Peter shook his head. “It’s too big of a risk. I can’t let you go.”
“Listen, Peter, if Lang had not come back through town in his heroic attempt to save people, I wouldn’t be here anyway. And you wouldn’t be worrying about me, would you? I’m not going back into town, friend. I’m just going to the tunnel. I can be back in a few hours’ time.”
Peter wanted to argue with him, but the older man knew that Cole had made up his mind. He tried to recruit Natasha and Lang to help him dissuade Cole from the trip back to the tunnel, but they’d both, surprisingly, been on the younger man’s side.
“He’ll need his vision if he’s going to survive long out there, Peter,” Natasha said. “Who knows when, or if, such glasses will ever be available again in our lifetimes? We will need every tool we can muster if we’re to make it to safety.”
Cole looked at Peter and saw the seriousness in his face. “Please, Peter.”
Peter sighed in resignation. “Ok,” he said. “But if one person is going back, then we all go back.”
Cole protested. “No. I’ll go alone. It is my responsibility and I will manage it.” He was respectful, but he persisted. “I can see fine during the bright daylight, and it w
ould be silly and foolish for all of us to put our lives in danger just because I was stupid enough to forget my glasses. It was my mistake, and I need to fix it.”
“But if we all go, Cole, then we can protect each other and cover for one another if something happens.”
“If something happens, Peter, then that means that things have gone horribly wrong, and we will have the whole group at risk.” Cole knew enough to appeal to Peter’s leadership feelings and his responsibilities. “I know you would admit that, in a worst case scenario, you would rather lose one unimportant member rather than the whole group. Be reasonable. You have Natasha and Lang to think about. I need to go alone.”
Lang chimed in with his agreement. He also believed that it was a bad plan to travel back as a group. They were more likely to be seen with four of them trying to make it back into the tunnel, he suggested. Peter considered the case and saw the reasonableness of this conclusion.

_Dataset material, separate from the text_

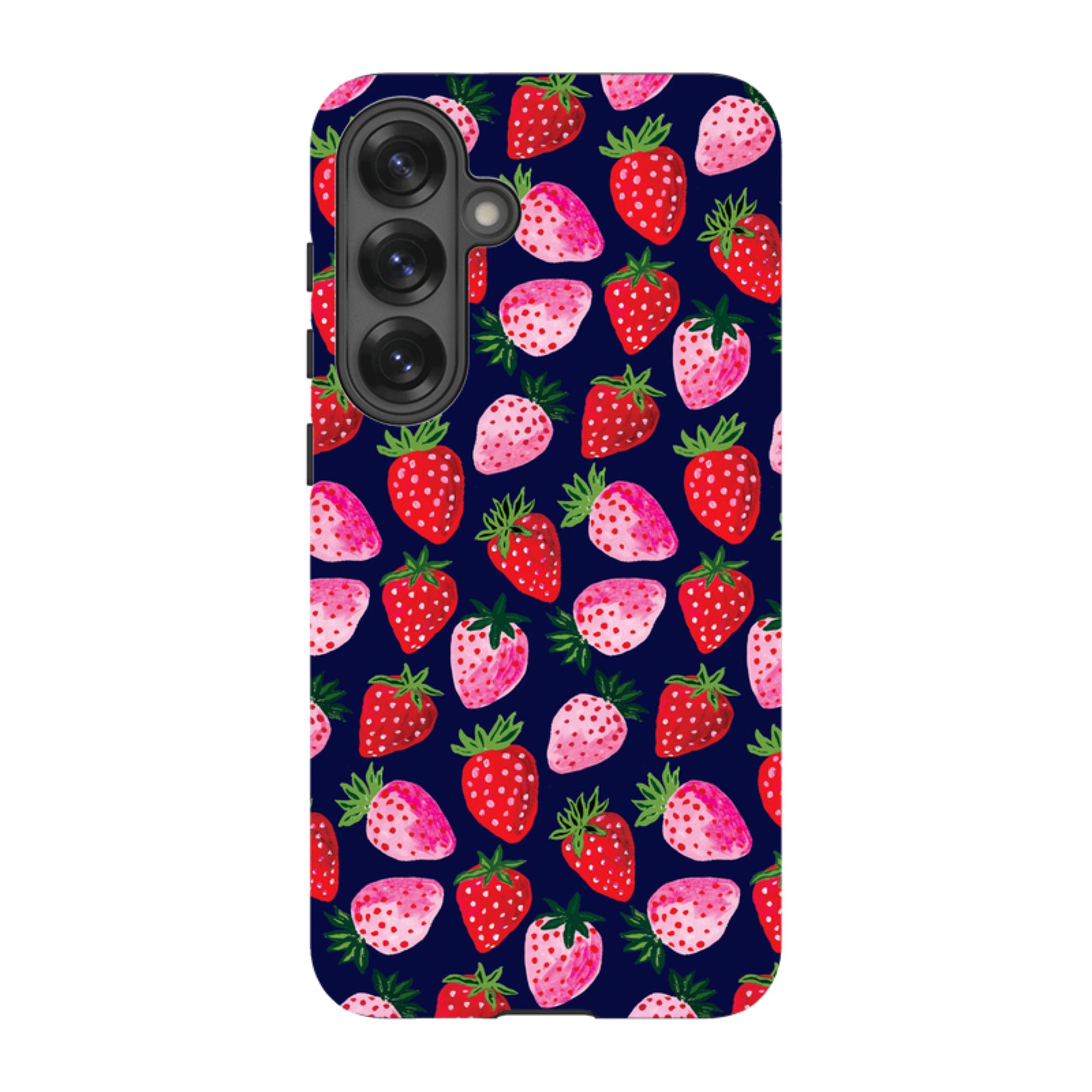 Samsung Tough  Case - Strawberry Scatter Navy By Emma Frances Grant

“I see your logic, Cole, but please do not say that you are unimportant. I don’t think that you are unimportant to your sister, and you are certainly not unimportant to me or Lang. I’ll allow it, but you should at least wait until tomorrow. It’s late in the day now, and it’ll be getting dark soon.”
“Ok, Peter,” Cole said, smiling.
“And if you don’t make it back, I’ll be very upset with you—and with myself for giving in to you.”
“You’ll see me again, Peter. Never you worry. In the end, you’ll see that this is much ado about nothing.”
“Yes, well, let’s hope. So far it seems more like a comedy of errors, with very little to laugh about.”
Cole smiled at this, and gave his friend a thankful squeeze on the shoulder. He looked at him and suddenly felt overwhelmed with the warmth of emotion.
In short order, it was arranged, and on mid-morning the next day, Cole started off on his retreat back to the tunnel.